Version control is the answer to this file naming problem. Image Source “Piled Higher and Deeper” by Jorge Cham www.phdcomics.com

Git manages a collection of files in a structured way - rather like “track changes” in Microsoft Word or version history in Dropbox, but much more powerful.

If you are working alone, you will benefit from adopting version control because it will remove the need to add _final.R to the end of your file names. However, most of us work in collaboration with other people (or will have to work with others eventually), so one of the goals of this program is to teach you how to use git because it is a useful tool that will make you a better collaborator.

In data science programming, we use git for a similar, but slightly different purpose. We use it to keep track of changes not only to code files, but to data files, figures, reports, and other essential bits of information.

Git itself is nice enough, but where git really becomes amazing is when you combine it with GitHub - an online service that makes it easy to use git across many computers, share information with collaborators, publish to the web, and more. Git is great, but GitHub is … essential. In this class, we’ll be using both git and github, and your homework will be managed with GitHub Classroom.

5.3.1 Git Basics

Person 1: 'This is GIT. It tracks collaborative work on projects through a beautiful distributed graph theory tree model'. Person 2: 'Cool, How do we use it?' Person 1: 'No Idea. Just memorize these shell commands and type them to sync up. If you get errors, save your work elsewhere, delete the project, and download a fresh copy.'

If that doesn’t fix it, git.txt contains the phone number of a friend of mine who understands git. Just wait through a few minutes of ‘It’s really pretty simple, just think of branches as…’ and eventually you’ll learn the commands that will fix everything. Image by Randall Munroe (XKCD) CC-A-NC-2.5.

Git tracks changes to each file that it is told to monitor, and as the files change, you provide short labels describing what the changes were and why they exist (called “commits”). The log of these changes (along with the file history) is called your git commit history.

When writing papers, this means you can cut material out freely, so long as the paper is being tracked by git - you can always go back and get that paragraph you cut out if you need to. You also don’t have to rename files - you can confidently save over your old files, so long as you remember to commit frequently.

Essential Reading: Git

The git material in this chapter is just going to link directly to the book “Happy Git with R” by Jenny Bryan. It’s amazing, amusing, and generally well written. I’m not going to try to do better.

Go read Chapter 1, if you haven’t already.

Now that you have a general idea of how git works and why we might use it, let’s talk a bit about GitHub.

5.3.2 GitHub: Git on the Web

Set up a GitHub Account Now

Instructions for setting up a GitHub account.

Be sure you remember your signup email, username, and password - you will need them later.

Git is a program that runs on your machine and keeps track of changes to files that you tell it to monitor. GitHub is a website that hosts people’s git repositories. You can use git without GitHub, but you can’t use GitHub without git.

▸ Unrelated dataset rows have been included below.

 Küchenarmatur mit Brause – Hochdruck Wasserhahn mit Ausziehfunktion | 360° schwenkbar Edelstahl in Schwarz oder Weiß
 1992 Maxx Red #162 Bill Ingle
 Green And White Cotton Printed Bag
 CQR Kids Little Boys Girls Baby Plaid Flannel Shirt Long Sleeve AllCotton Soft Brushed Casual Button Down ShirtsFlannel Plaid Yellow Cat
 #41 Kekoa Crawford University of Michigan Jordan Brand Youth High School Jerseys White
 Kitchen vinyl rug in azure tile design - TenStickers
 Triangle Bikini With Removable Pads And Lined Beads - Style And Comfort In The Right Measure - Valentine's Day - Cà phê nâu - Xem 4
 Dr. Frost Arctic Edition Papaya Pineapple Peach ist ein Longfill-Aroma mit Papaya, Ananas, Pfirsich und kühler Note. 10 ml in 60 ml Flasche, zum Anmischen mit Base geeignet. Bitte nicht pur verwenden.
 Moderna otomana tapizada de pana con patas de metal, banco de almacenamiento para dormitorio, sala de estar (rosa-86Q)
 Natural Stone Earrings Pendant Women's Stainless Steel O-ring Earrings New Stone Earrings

Git is to GitHub what Porn is to PornHub. Specifically, GitHub hosts git repositories publicly, while PornHub hosts porn publicly. But it would be silly to equate porn and PornHub, and it’s similarly silly to think of GitHub as the only place you can use git repositories.

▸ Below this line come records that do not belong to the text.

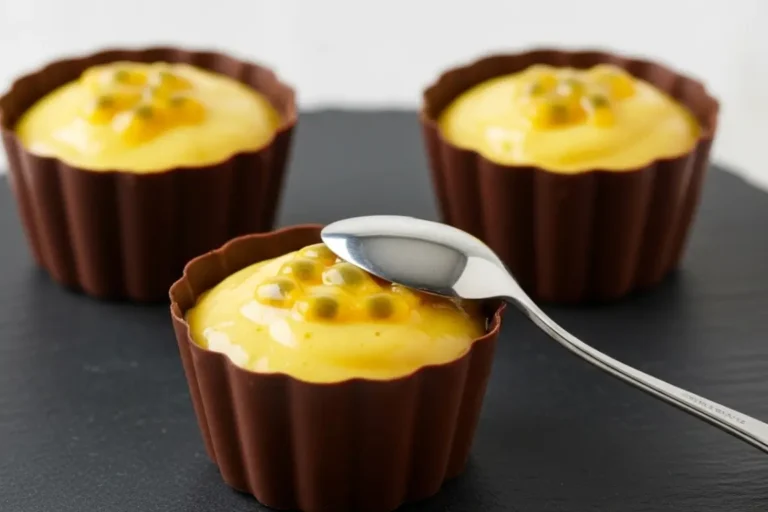 Aprenda a fazer Copinho de Chocolate com Mousse de Maracujá! Uma sobremesa fácil, sem forno, com copinho comestível. Linda, divertida e deliciosa!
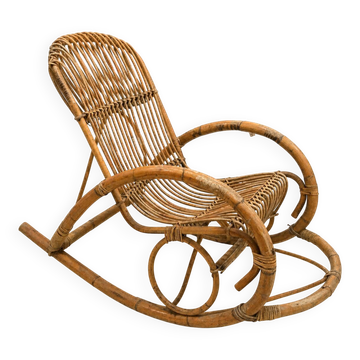 Rocking chair en rotin années 60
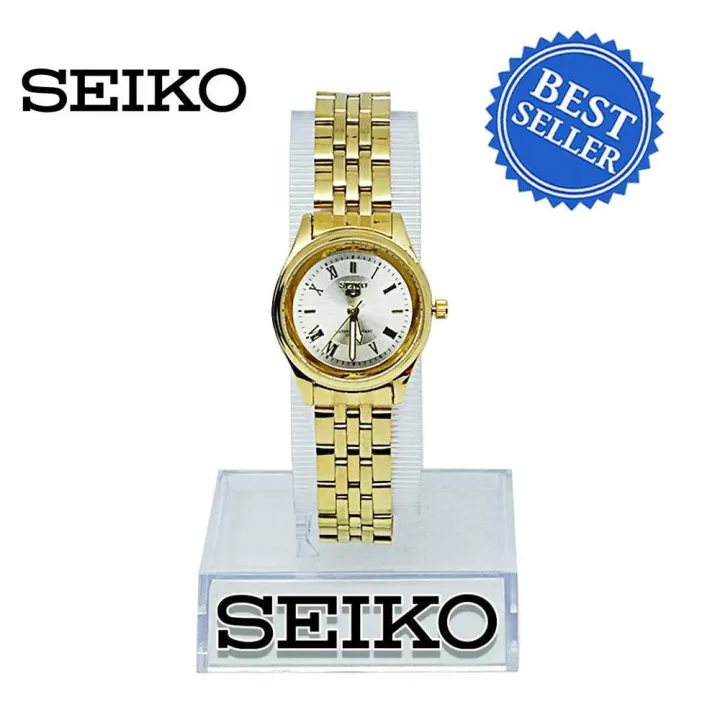 Seiko 5 Quartz Roman Numeral Gold Silver Dial Watch for Women (SALE) |  Lazada PH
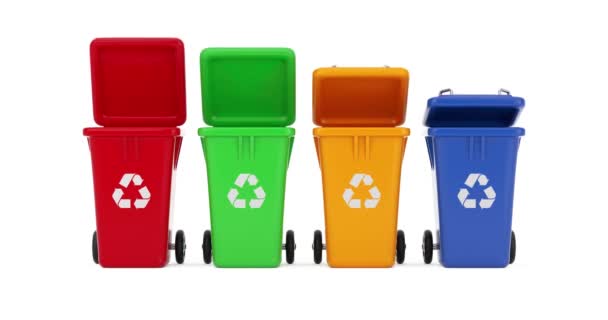 Resolution Video Recycle Sign Color Garbage Trash Bins Seamless Jumping — ストック動画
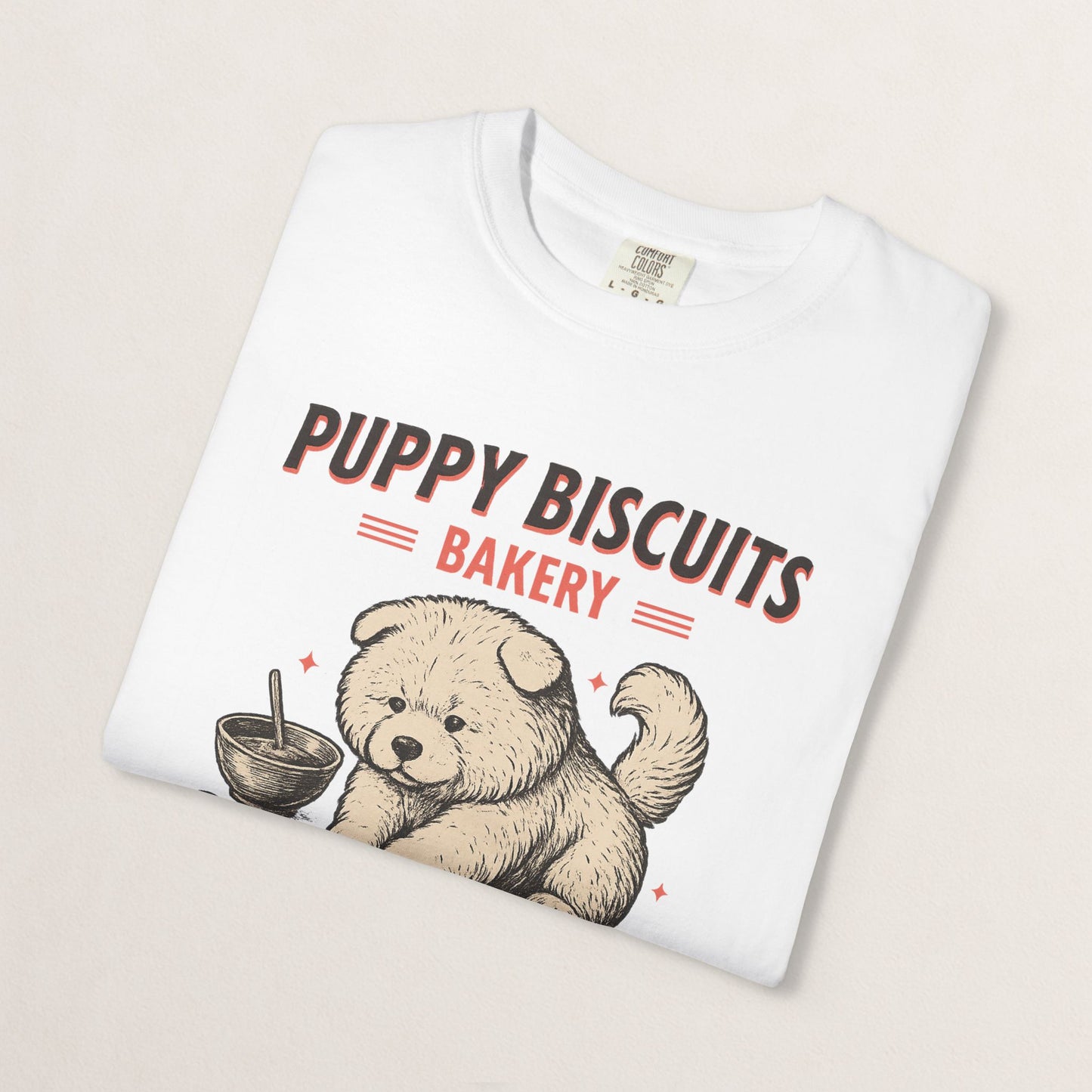 Cute Puppy Biscuit Bakery T-shirt, Dog Lover Gift, Unisex Graphic Tee, Dog Mom Shirt, Fun Pet Apparel, Animal Lover Top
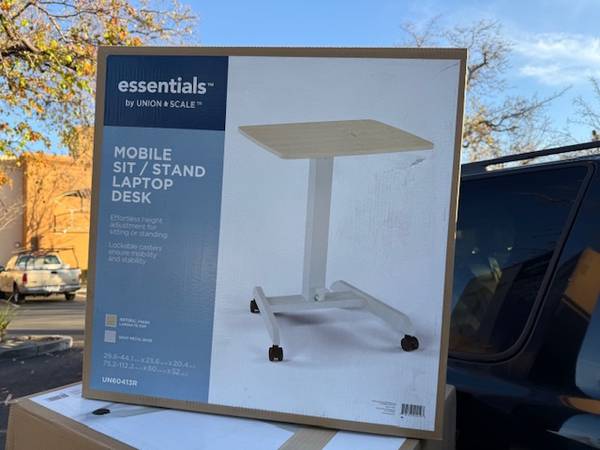 Union & Scale Essentials 24"W Adjustable Standing Mobile Desk Natural 1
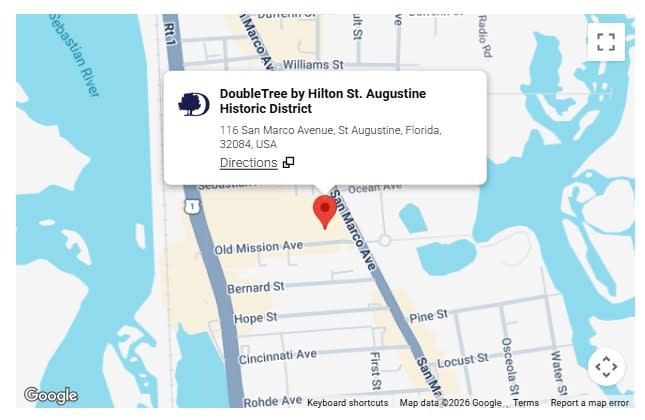 DoubleTree by Hilton St. Augustine Historic District Google Map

If you want, you can hook Git up to GitHub, and make a copy of your local git repository that lives in the cloud. Then, if you configure things correctly, your local repository will talk to GitHub without too much trouble. Using Github with Git allows you to easily make a cloud backup of your important code, so that even if your computer suddenly catches on fire, all of your important code files exist somewhere else.

Remember: any data you don’t have in 3 different places is data you don’t care about.1

5.4 Using Version Control (with RStudio)

The first skill you need to actually practice in this class is using version control. By using version control from the very beginning, you will learn better habits for programming, but you’ll also get access to a platform for collaboration, hosting your work online, keeping track of features and necessary changes, and more.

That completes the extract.